The department reported the “depopulation” of a further 13.2 million in December.

Higher prices were the inevitable result, experts say.

“If there’s no birds to lay eggs ... then we have a supply shortage, and that leads to higher prices because of supply and demand dynamics,” said Jada Thompson, a poultry specialist at the University of Arkansas.

Let's consider the market for eggs, and how the shortage arose and why that means higher egg prices. This is all illustrated in the diagram below. Before avian flu, the market for eggs was in equilibrium, with a price of P0 and a quantity of eggs traded of Q0. The culling of chickens due to avian flu means that fewer eggs are produced. This is a decrease in the supply of eggs, shown by the supply curve shifting up and to the left, from S0 to S1. If egg prices were to remain at the original equilibrium price (P0), then the quantity of eggs demanded (Q0) would exceed the quantity of eggs supplied (QS) at that price, because egg producers are only willing to produce QS eggs at the price of P0, after the supply curve shifts. There would be a shortage of eggs, which is one of the things that we observe in the US egg market.

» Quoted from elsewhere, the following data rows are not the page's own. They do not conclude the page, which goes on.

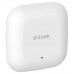 D-LINK WIRELESS N ACCESS POINT PoE (Espera 4 dias) en Huesoi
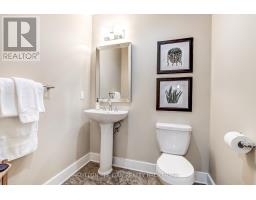 104 - 340 SUGARCREEK TRAIL - 9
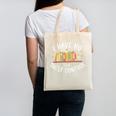 I Have No Shelf Control Book Lovers Teacher Women Graphic Canvas Tote Bag I Have No Shelf Control Book Lovers Teacher Women Graphic Canvas Tote Bag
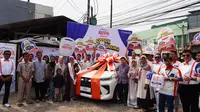 Warung Kopi di Cikarang Bawa Pulang Avanza dari AQUVIVA Gosok Pasti Menang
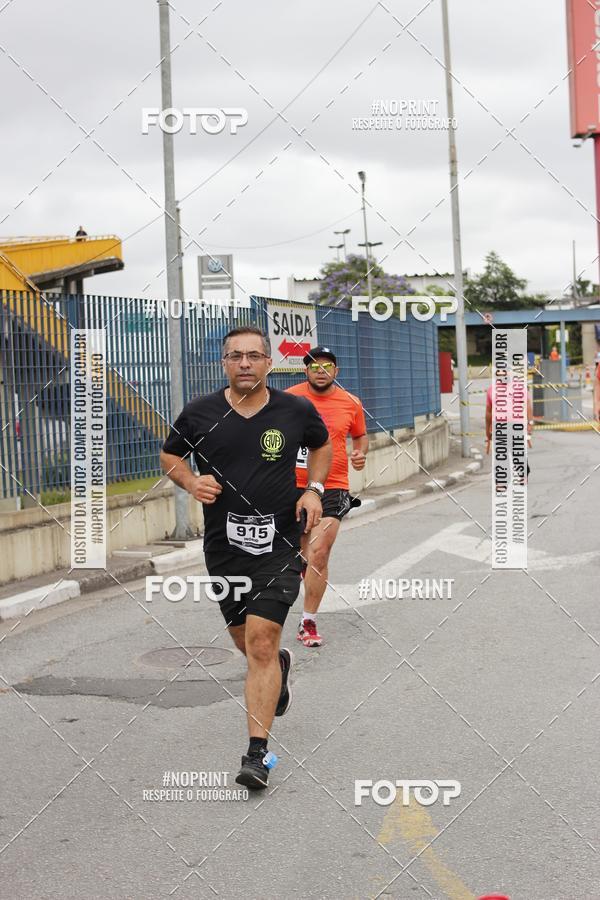 Buy your photos of the event10� Corrida Internacional Shopping - Guarulhos on Fotop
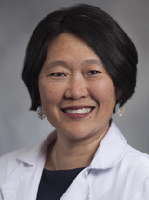 Dr. Stephanie Ciccarelli, MD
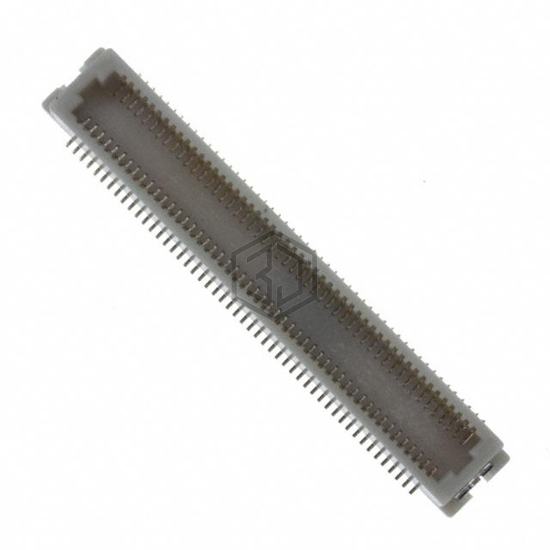 100P-JMDSS-G-1-TF(LF)(SN) - JST Sales America Inc. - Rectangular Connectors - Arrays, Edge Type, Mezzanine (Board to Board)
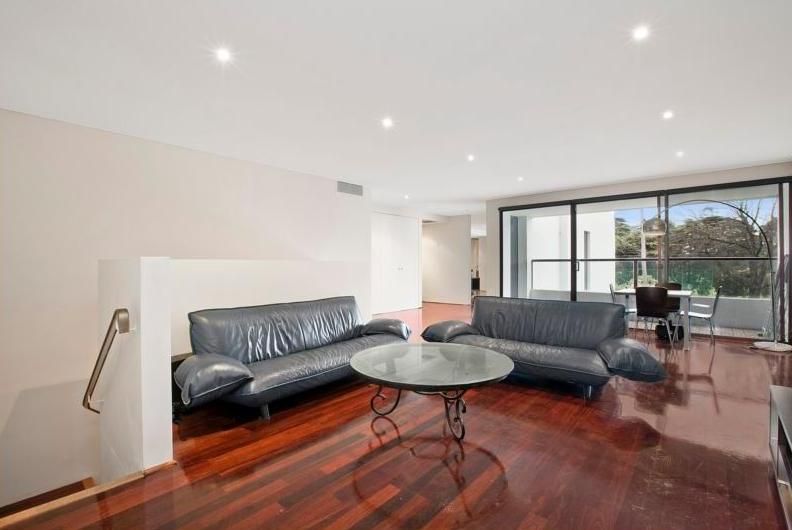 2B/29 Queens Road, Melbourne 3004 VIC 3004, Image 0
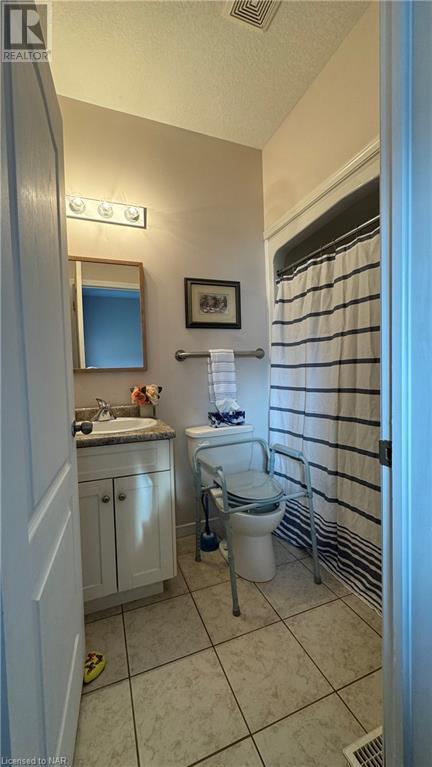 40 Sinclair Street Street, Dundalk, Ontario  N0C 1B0 - Photo 31 - 40655404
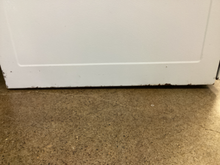 Load image into Gallery viewer, Maytag Gas Stove - 5706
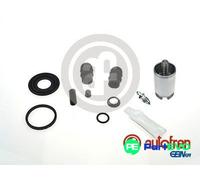 AUTOFREN SEINSA BRAKE CALIPER REPAIR KIT D42008RK FOR CITROËN TOYOTA
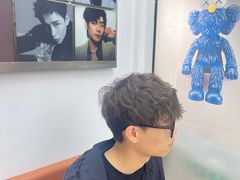 -银泰百货(海宁店)
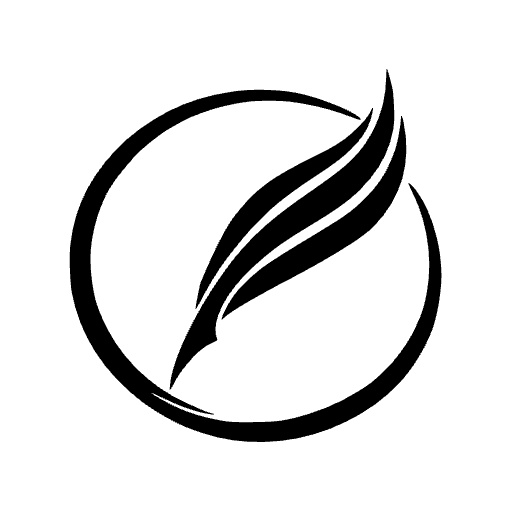 Mangaforge logo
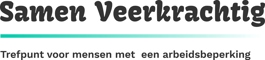 Samen Veerkrachtig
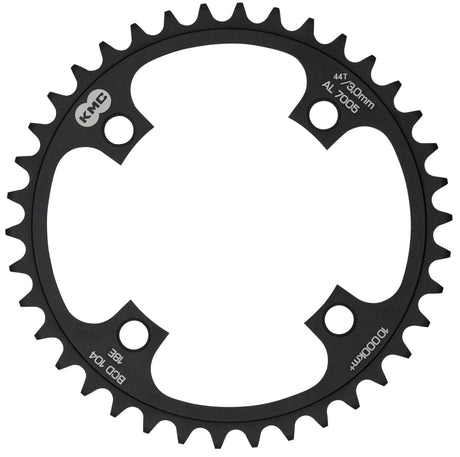 Łańcuch KMC Top 42T 1 8 BCD 104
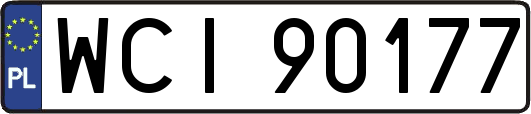 WCI90177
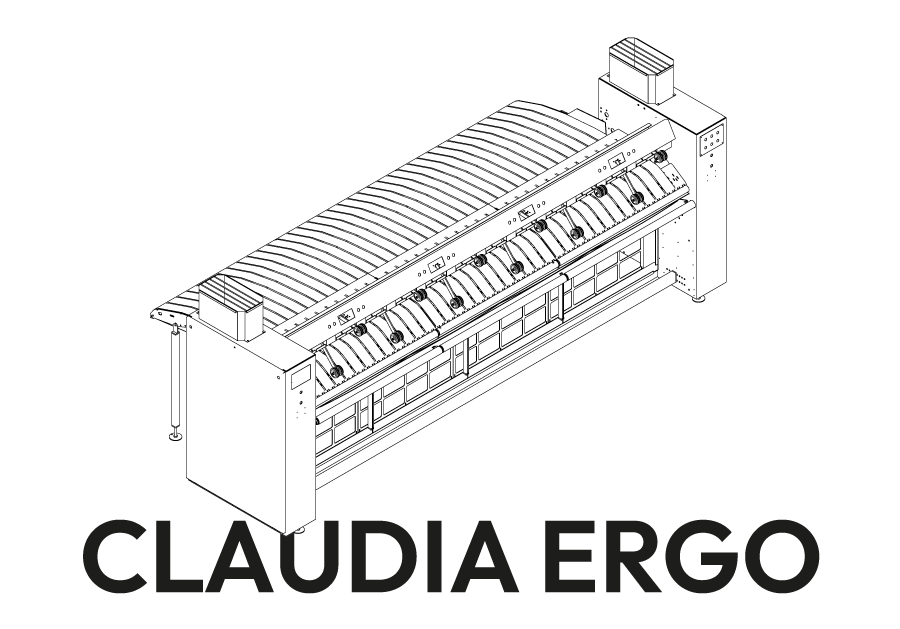 ae1634_claudia_ergo_positiv.png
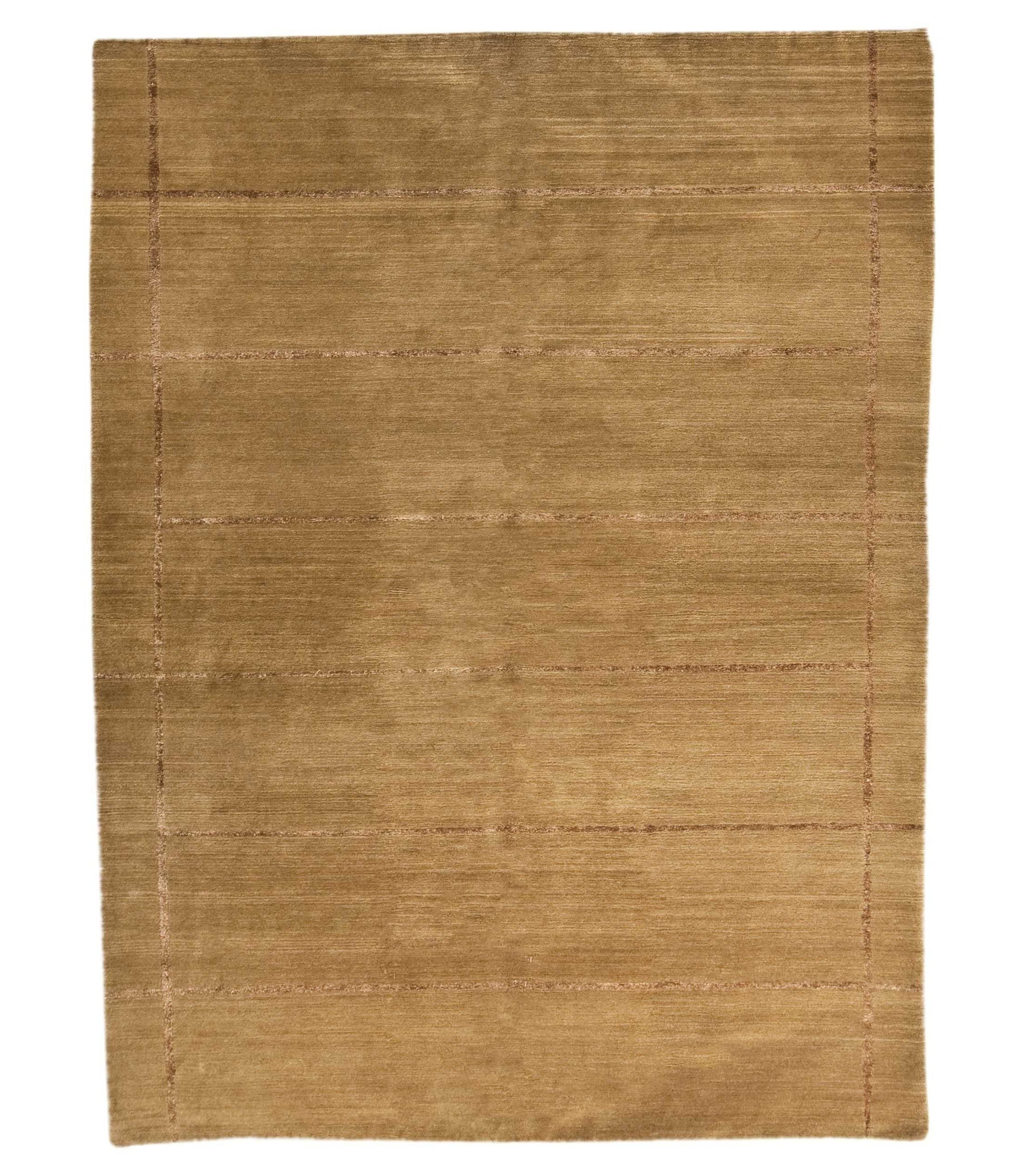 imersianvisualiserimage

However, when there is a shortage, the market will tend to adjust. In this case, the market will adjust through the price of eggs increasing. How does that happen? Some buyers, who are willing to pay the market price (P0), are missing out on eggs. Some of them will find a willing seller, and offer the seller a little bit more, in order to avoid missing out. In other words, buyers bid up the price. The result is that the price increases, until the price is restored to equilibrium, at the new (higher) equilibrium price of P1. At the new equilibrium price of P1, the quantity of eggs demanded is exactly equal to the quantity of eggs supplied (both are equal to Q1). We can say that the market clears. There is no longer a shortage.

So, this model of supply and demand tells us that, because of avian flu, we should expect to see shortages of eggs (at least initially), and overall higher egg prices. Which is what we are observing.